### SUPPLIED DATA
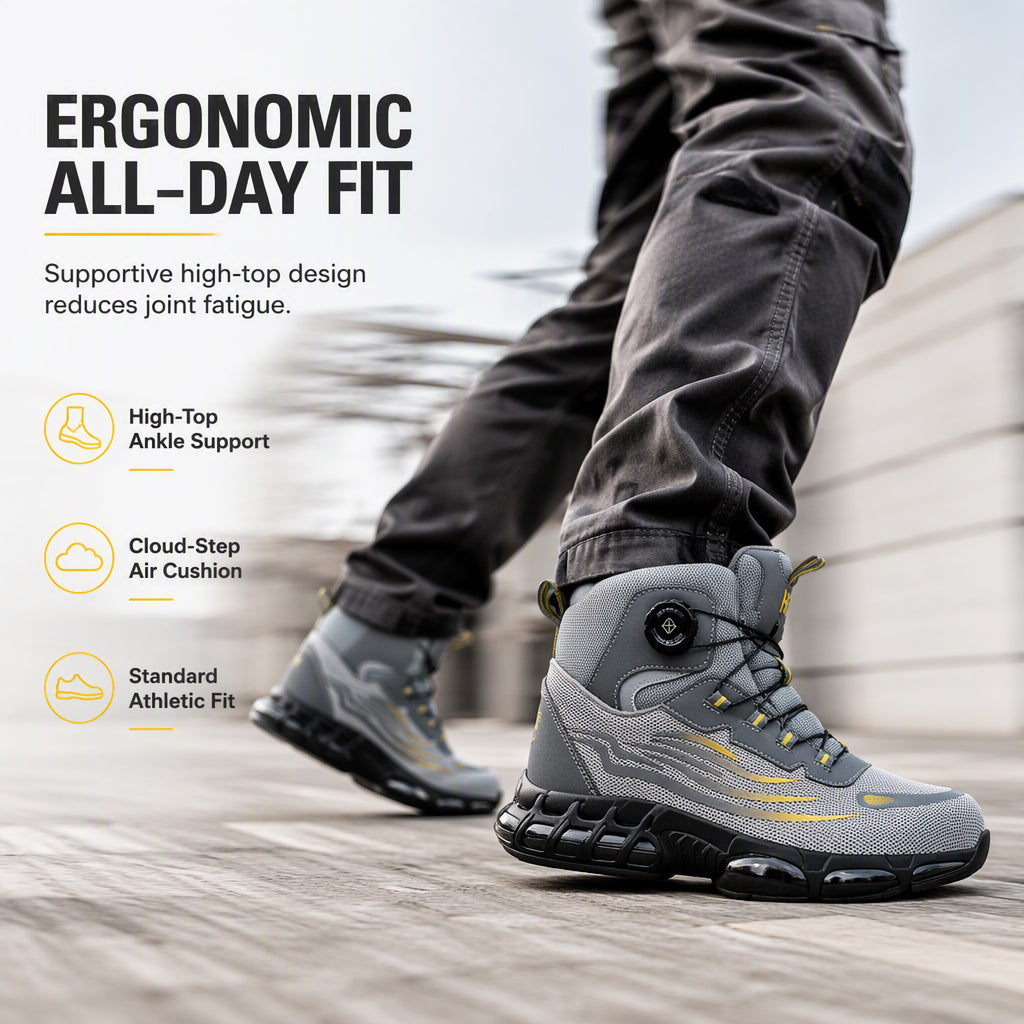 High-Top Safety Shoes with Steel Toe & Puncture Resistant Sole
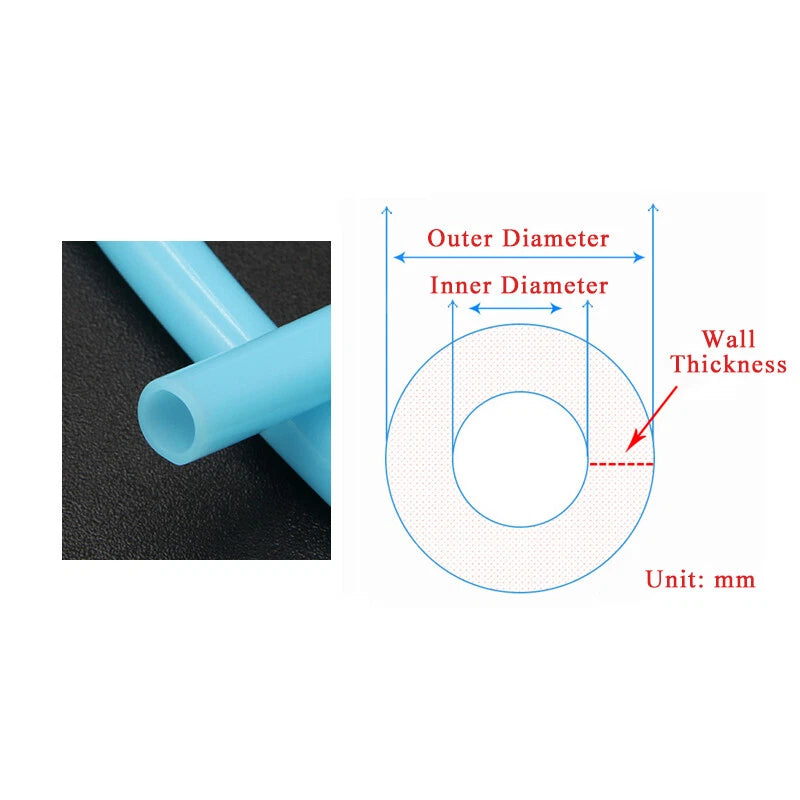 Food Grade Lake Blue Silicone Tube Beer Milk Hose Pipe Soft Rubber 4mm-6mm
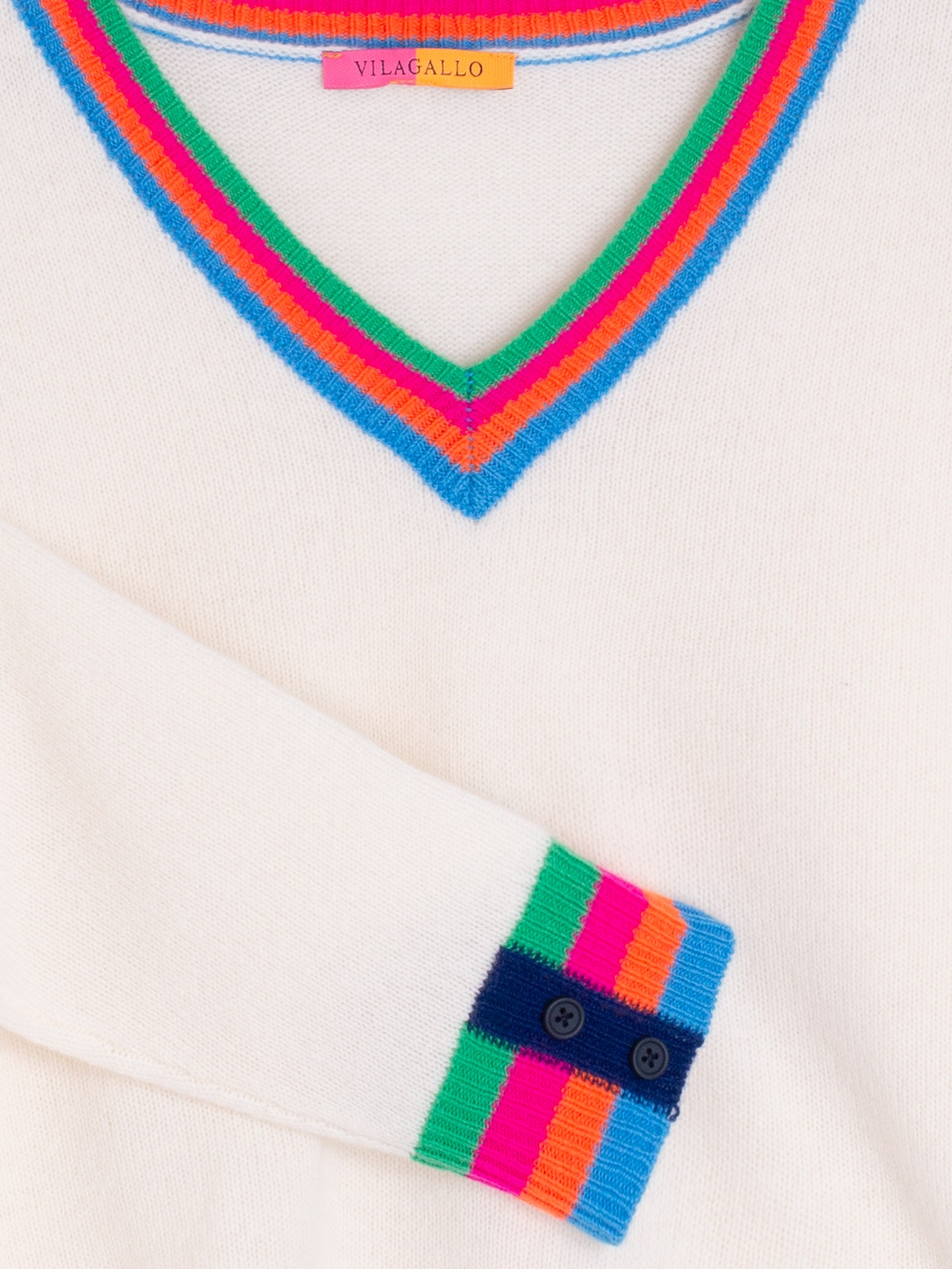 Vilagallo Ecru Jumper with Multi Stripe - Image 4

### TASK
All of the material above should be output exactly, with the pictures left behind.

### TASK RESPONSE
 High-Top Safety Shoes with Steel Toe & Puncture Resistant Sole
 Food Grade Lake Blue Silicone Tube Beer Milk Hose Pipe Soft Rubber 4mm-6mm
 Vilagallo Ecru Jumper with Multi Stripe - Image 4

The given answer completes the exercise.